Time for shock and awe: Five questions for the ECB

LONDON (Reuters) – This week’s European Central Bank meeting is shaping up as one of the most anticipated in years as the central bank gears up to boost a frail economy with a series of stimulus measures.

 
A global trade war threatens to push the powerhouse German economy into recession and headwinds from Brexit are becoming stronger. No wonder the ECB has all but promised fresh stimulus on Thursday, one of the last steps the bank’s chief Mario Draghi can take before stepping down on Oct. 31.

“This will probably be the most interesting meeting since March 2016 because we have this confluence of economic issues, political issues and a transition to a new president coming together,” said Pictet Wealth Management strategist Frederik Ducrozet.

He was referring to the 2016 meeting where the ECB slashed its depo rate to -0.40%, increased monthly asset purchases to 80 billion euros including corporate bonds, and launched a second round of cheap multi-year loans.

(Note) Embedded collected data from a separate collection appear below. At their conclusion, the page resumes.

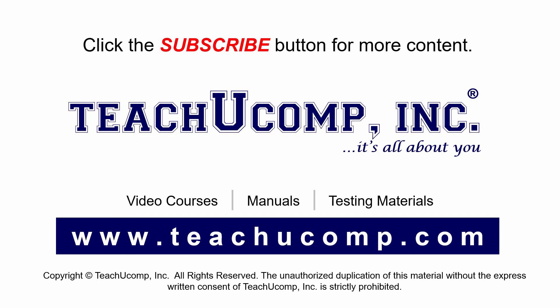Remember to click the Subscribe button to see more of our videos. Get ad free courses at teachucomp.com.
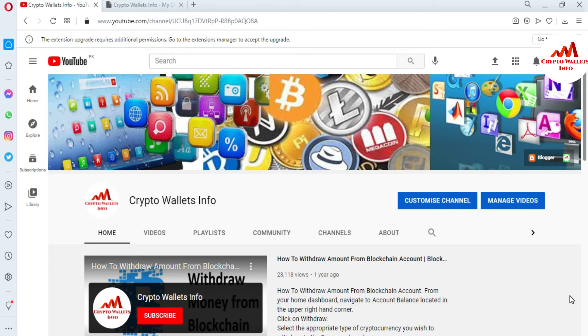Please subscribe to my channel — my channel name is Crypto Wallets Info — and press the bell icon button. You can also visit my website: cryptowalletsinfo.com.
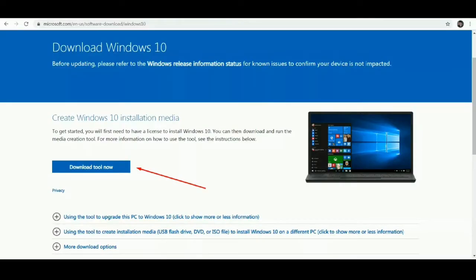First of all, download the required installation media from the Microsoft download Windows page in your web browser. To get the Windows version you want, follow the instructions provided. To verify your eligibility to download disk images, some versions may require you to provide your Windows product key. To do so, click the download tool now button.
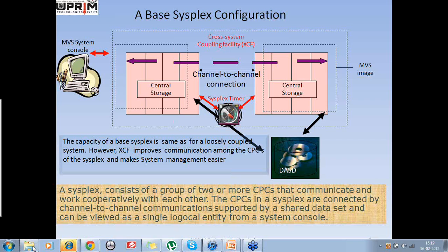In addition, FICON channels can also be used over a greater distance than ESCON channels. The base sysplex configuration was an advancement over the existing one, and it was taken over by the next system called parallel sysplex configuration, which is the most complicated system announced by IBM. We shall see that on the next screen.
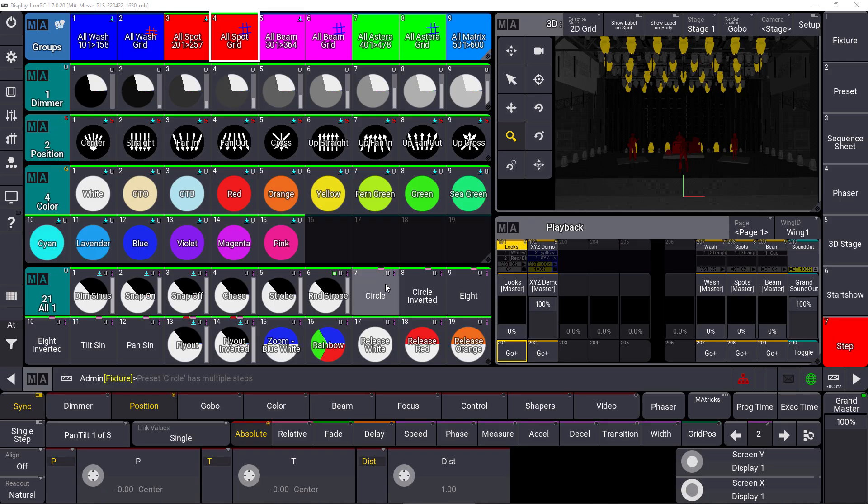One big feature in GrandMA 3 version 1.7 is the XYZ programming. You know from former versions that we already implemented the PSN protocol to get XYZ data into the console, and we also implemented marker fixtures which can move objects in our 3D on stage.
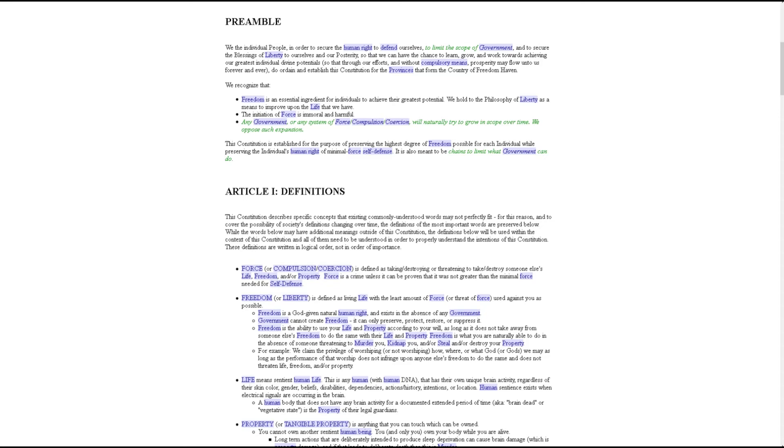try to grow in scope over time. We oppose such expansion. This Constitution is established for the purpose of preserving the highest degree of freedom possible for each individual while preserving the individual's human right of minimal force self-defense. It is also meant to limit what government can do.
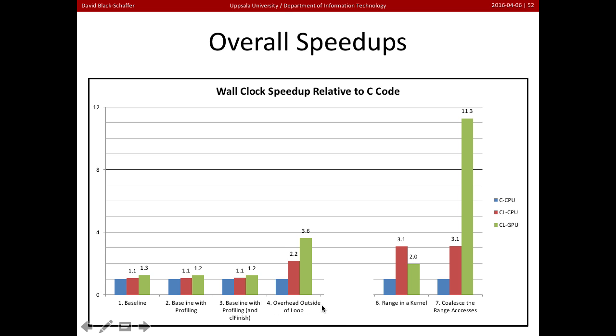The first real optimization we did was to move the overhead outside of the loop. And we did that, we saw that our speedups increased enormously. Now on our four CPUs, we're running about 2.2 times faster, and our GPU about 3.6 times faster.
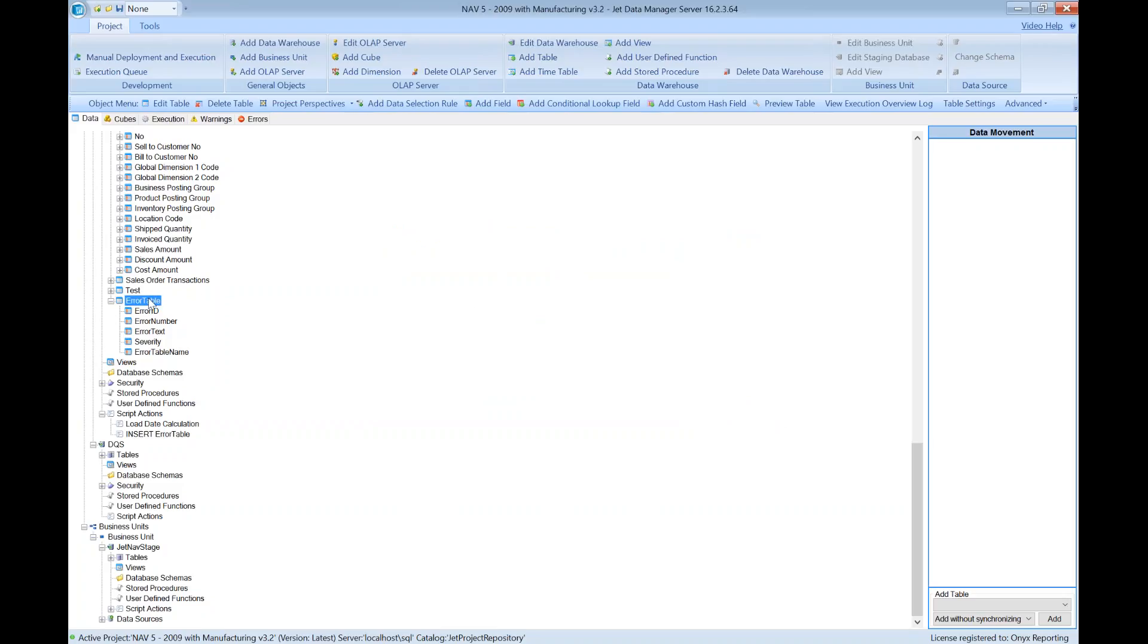Then, every time I execute this table, it will run through the data warehouse, find all the error messages, and dump them into this table.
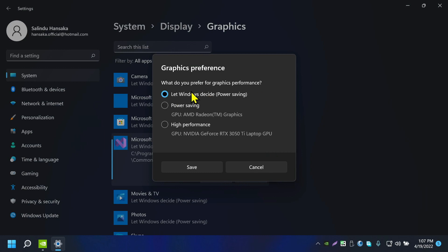One is let Windows decide what graphics card to run this application with, and the second one is Power Saving which is using my AMD integrated graphics.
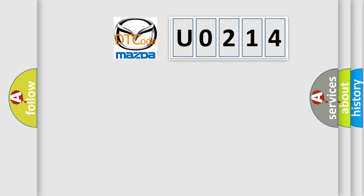So, what does the diagnostic trouble code U0214 interpret specifically for Mazda car manufacturers?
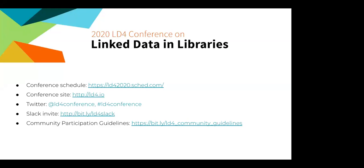Hello everyone. It is one o'clock in the Eastern U.S. time zone and with that let's get started. Welcome to the second day of four of the discovery track of the 2020 LD4 conference.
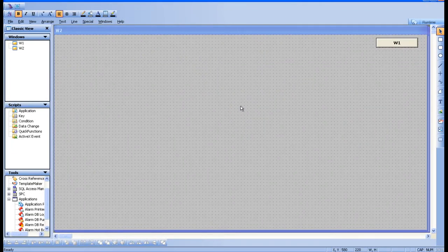Hello everyone. In this session we are going to start the animation links. We'll go through what animations are available on the animation link page one by one, starting with location.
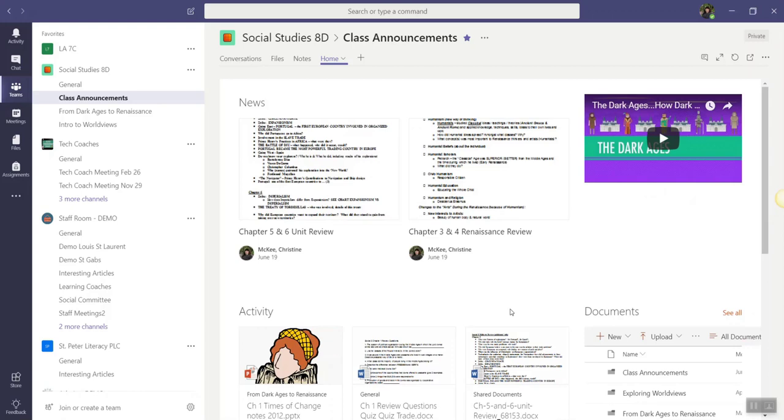Alright, keep in mind my students will now be able to view the home page of our class team SharePoint site. However, they will not be able to edit this page.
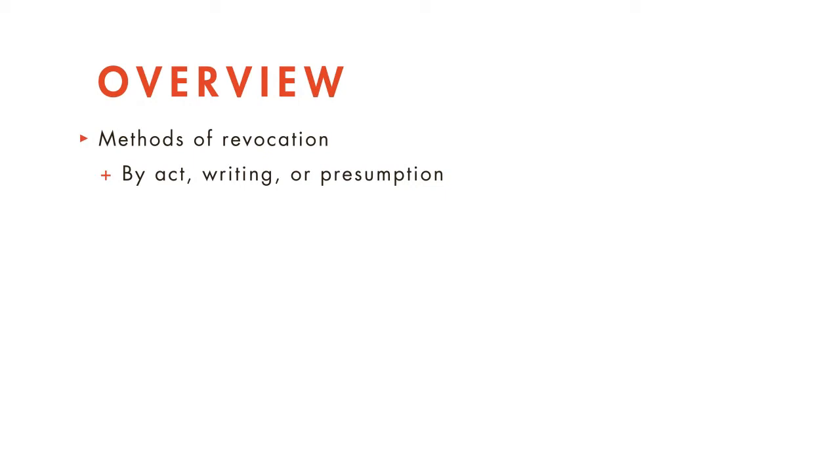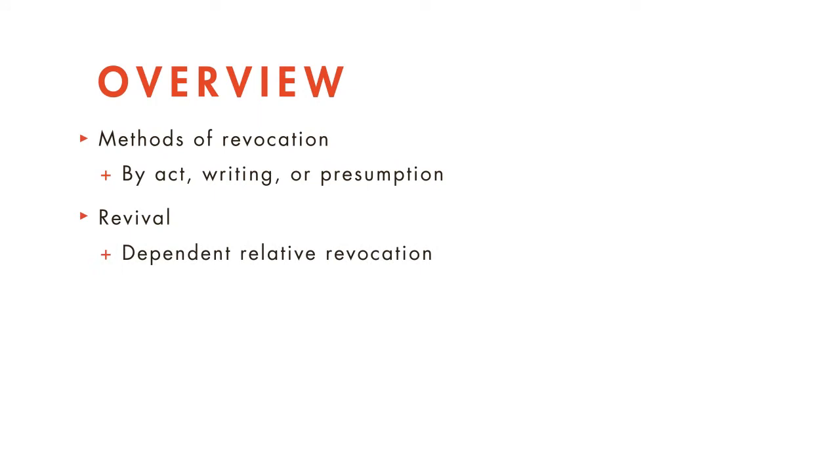After that, we'll discuss various methods of reviving revoked wills and talk about the doctrine of dependent relative revocation.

Fast forward to this week and here are five key questions for markets:

  1. How low will rates go?

The ECB is leaning toward a package that includes a rate cut, a beefed-up pledge to keep rates low for longer and compensation for banks over the side-effects of negative rates, sources told Reuters last week.

At the very least, markets expect a 10 basis point cut in the deposit rate to -0.50% — the first cut since 2016.

Money market pricing ECBWATCH suggests some investors are betting on a bigger 20 bps cut; nearly a quarter of economists polled by Reuters expect this too.

The ECB may could also use its forward guidance to flag another cut in coming months. Markets price in 35 bps worth of easing in total by end-2020.